Hujan lebat di area lereng Gunung Slamet bagian selatan, menyebabkan empat sungai di Banyumas meluap pada Minggu (15/10) malam. Luapan sungai Prukut, Logawa, Pelus dan Mengaji menimbulkan banjir, baik di wilayah perkotaan Banyumas yakni di Purwokerto sampai desa seperti di Cilongok.

Pemantauan Taruna Siaga Bencana (Tagana) Banyumas sampai Minggu (15/10) pukul 1.30 WIB dini hari, akibat meluapnya sungai Banjaran yang melewati Kelurahan Bobosan dan Kelurahan Kober dilaporkan tujuh rumah warga terdampak banjir.

Sedangkan, akibat luapan sungai Pelus tebing belakang rumah longsor di wilayah Kelurahan Mersi RT 01 RW 06 Kecamatan Purwokerto Timur dan 3 kamar kos bagian belakang di desa Dukuhwaluh RT 03 RW 02 Kecamatan Kembaran tergerus banjir.

Sementara, di sungai Logawa dilaporkan 3 unit sepeda motor hanyut, 1 unit mobil L300, 1 unit dumtruk dan 1 unit sepeda motor masih tersangkut di bebatuan.

Wilayah pedesaan, jembatan penghubung antara Dusun Karanggondang menuju ke Desa Sambirata Kecamatan Cilongok terputus. Akibat meluapnya Sungai Prukut sehingga akses masyarakat yang akan ke pusat desa Sambirata dan sekitarnya menjadi terganggu.

Koordinator Tagana Kabupaten Banyumas, Adi Candra menjelaskan banjir di Aliran Sungai Logawa, Sungai Banjaran, Sungai Prukut dan Sungai Pelus Kabupaten Banyumas terjadi pada Minggu (15/10) sekitar pukul 17.30 WIB sampai 19.00 WIB. Sungai-sungai tersebut meluap disebabkan hujan lebat di area lereng Gunung Slamet bagian selatan. Ia mengatakan banjir ini terjadi di wilayah perkotaan seperti di kelurahan Kober sampai di pedesaan seperti Cilongok.

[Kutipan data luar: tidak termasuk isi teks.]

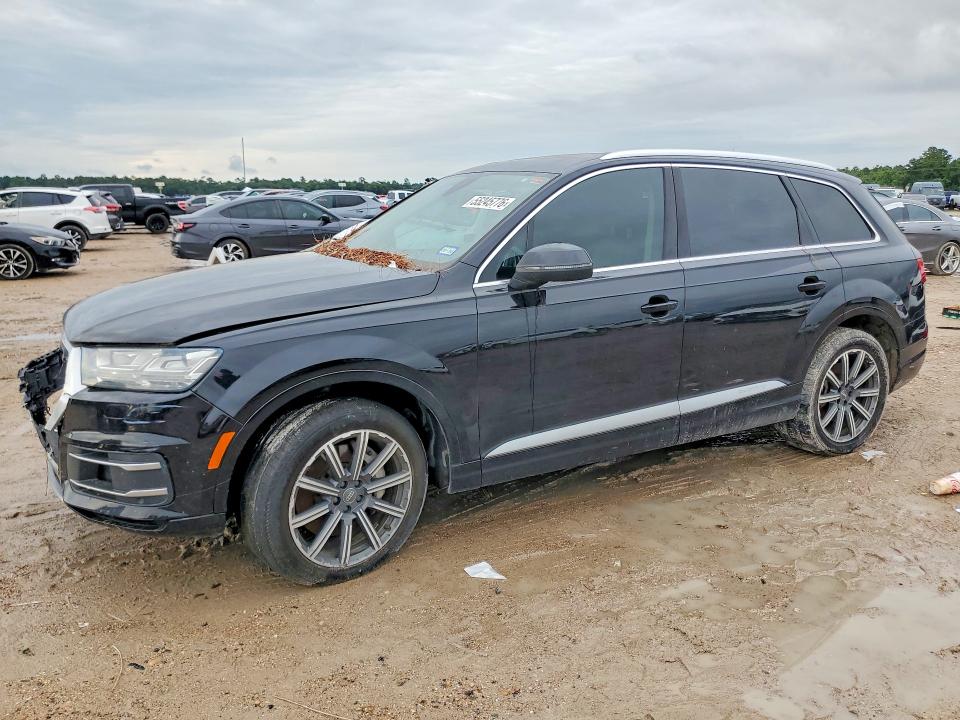 2017 AUDI Q7 — VIN WA1LAAF76HD028825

“Sebelumnya tidak pernah terjadi banjir seperti ini di wilayah Banyumas. Masyarakat yang tinggal di sepanjang Bantaran sungai sudah kami minta meningkatkan kesiapsiagaan dan kewaspadaan adanya potensi banjir susulan. Banjir terjadi karena hujan deras dibagian Hulu Sungai, padahal Kota Purwokerto sehari tadi sampai sore tidak turun hujan,” kata Adi pada merdeka.com, Senin (16/10).

Adi merinci, hasil pantauan di TKP Air sungai banjaran mulai naik dengan ketinggian kurang lebih 5 meter dan masuk ke rumah warga di Wilayah RW 2, 5, 8 Kelurahan Kedungwuluh pinggir sungai Banjaran pukul 17.00 dan mulai surut pukul 19.00.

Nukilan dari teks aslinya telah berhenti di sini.